WHAT YOU WILL DO:
All the entries that follow must be written out again exactly.

Recorded data
■ ■ ■ ■

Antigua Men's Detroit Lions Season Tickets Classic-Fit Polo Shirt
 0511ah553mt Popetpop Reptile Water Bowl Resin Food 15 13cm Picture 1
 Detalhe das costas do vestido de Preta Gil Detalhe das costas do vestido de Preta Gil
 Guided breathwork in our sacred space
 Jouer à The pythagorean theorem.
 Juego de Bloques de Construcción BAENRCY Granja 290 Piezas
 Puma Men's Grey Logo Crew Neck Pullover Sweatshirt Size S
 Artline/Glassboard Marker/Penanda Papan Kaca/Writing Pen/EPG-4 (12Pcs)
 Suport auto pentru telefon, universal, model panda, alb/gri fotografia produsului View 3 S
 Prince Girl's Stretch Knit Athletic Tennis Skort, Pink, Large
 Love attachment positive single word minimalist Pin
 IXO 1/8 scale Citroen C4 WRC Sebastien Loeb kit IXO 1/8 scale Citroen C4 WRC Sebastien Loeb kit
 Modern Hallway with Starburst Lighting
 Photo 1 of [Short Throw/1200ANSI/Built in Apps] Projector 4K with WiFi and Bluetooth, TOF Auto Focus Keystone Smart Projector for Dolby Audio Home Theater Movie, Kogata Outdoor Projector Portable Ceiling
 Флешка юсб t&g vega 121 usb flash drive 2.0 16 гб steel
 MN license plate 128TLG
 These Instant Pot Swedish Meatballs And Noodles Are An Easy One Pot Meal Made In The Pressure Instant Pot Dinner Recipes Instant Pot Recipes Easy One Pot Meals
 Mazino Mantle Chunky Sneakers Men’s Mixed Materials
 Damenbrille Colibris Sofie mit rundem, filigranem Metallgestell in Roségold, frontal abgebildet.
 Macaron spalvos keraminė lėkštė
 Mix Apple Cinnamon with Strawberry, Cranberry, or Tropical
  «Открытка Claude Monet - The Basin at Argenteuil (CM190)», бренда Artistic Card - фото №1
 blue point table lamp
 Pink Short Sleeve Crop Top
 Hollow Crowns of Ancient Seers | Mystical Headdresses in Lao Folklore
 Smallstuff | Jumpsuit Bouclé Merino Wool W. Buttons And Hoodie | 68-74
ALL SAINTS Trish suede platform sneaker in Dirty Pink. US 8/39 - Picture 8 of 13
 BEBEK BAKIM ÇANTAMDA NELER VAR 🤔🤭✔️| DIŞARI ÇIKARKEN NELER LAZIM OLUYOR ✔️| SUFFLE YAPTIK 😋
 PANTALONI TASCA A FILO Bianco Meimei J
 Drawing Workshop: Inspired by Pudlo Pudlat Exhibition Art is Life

■ ■ ■ ■

EXERCISE SOLUTION:
Antigua Men's Detroit Lions Season Tickets Classic-Fit Polo Shirt
 0511ah553mt Popetpop Reptile Water Bowl Resin Food 15 13cm Picture 1
 Detalhe das costas do vestido de Preta Gil Detalhe das costas do vestido de Preta Gil
 Guided breathwork in our sacred space
 Jouer à The pythagorean theorem.
 Juego de Bloques de Construcción BAENRCY Granja 290 Piezas
 Puma Men's Grey Logo Crew Neck Pullover Sweatshirt Size S
 Artline/Glassboard Marker/Penanda Papan Kaca/Writing Pen/EPG-4 (12Pcs)
 Suport auto pentru telefon, universal, model panda, alb/gri fotografia produsului View 3 S
 Prince Girl's Stretch Knit Athletic Tennis Skort, Pink, Large
 Love attachment positive single word minimalist Pin
 IXO 1/8 scale Citroen C4 WRC Sebastien Loeb kit IXO 1/8 scale Citroen C4 WRC Sebastien Loeb kit
 Modern Hallway with Starburst Lighting
 Photo 1 of [Short Throw/1200ANSI/Built in Apps] Projector 4K with WiFi and Bluetooth, TOF Auto Focus Keystone Smart Projector for Dolby Audio Home Theater Movie, Kogata Outdoor Projector Portable Ceiling
 Флешка юсб t&g vega 121 usb flash drive 2.0 16 гб steel
 MN license plate 128TLG
 These Instant Pot Swedish Meatballs And Noodles Are An Easy One Pot Meal Made In The Pressure Instant Pot Dinner Recipes Instant Pot Recipes Easy One Pot Meals
 Mazino Mantle Chunky Sneakers Men’s Mixed Materials
 Damenbrille Colibris Sofie mit rundem, filigranem Metallgestell in Roségold, frontal abgebildet.
 Macaron spalvos keraminė lėkštė
 Mix Apple Cinnamon with Strawberry, Cranberry, or Tropical
  «Открытка Claude Monet - The Basin at Argenteuil (CM190)», бренда Artistic Card - фото №1
 blue point table lamp
 Pink Short Sleeve Crop Top
 Hollow Crowns of Ancient Seers | Mystical Headdresses in Lao Folklore
 Smallstuff | Jumpsuit Bouclé Merino Wool W. Buttons And Hoodie | 68-74
ALL SAINTS Trish suede platform sneaker in Dirty Pink. US 8/39 - Picture 8 of 13
 BEBEK BAKIM ÇANTAMDA NELER VAR 🤔🤭✔️| DIŞARI ÇIKARKEN NELER LAZIM OLUYOR ✔️| SUFFLE YAPTIK 😋
 PANTALONI TASCA A FILO Bianco Meimei J
 Drawing Workshop: Inspired by Pudlo Pudlat Exhibition Art is Life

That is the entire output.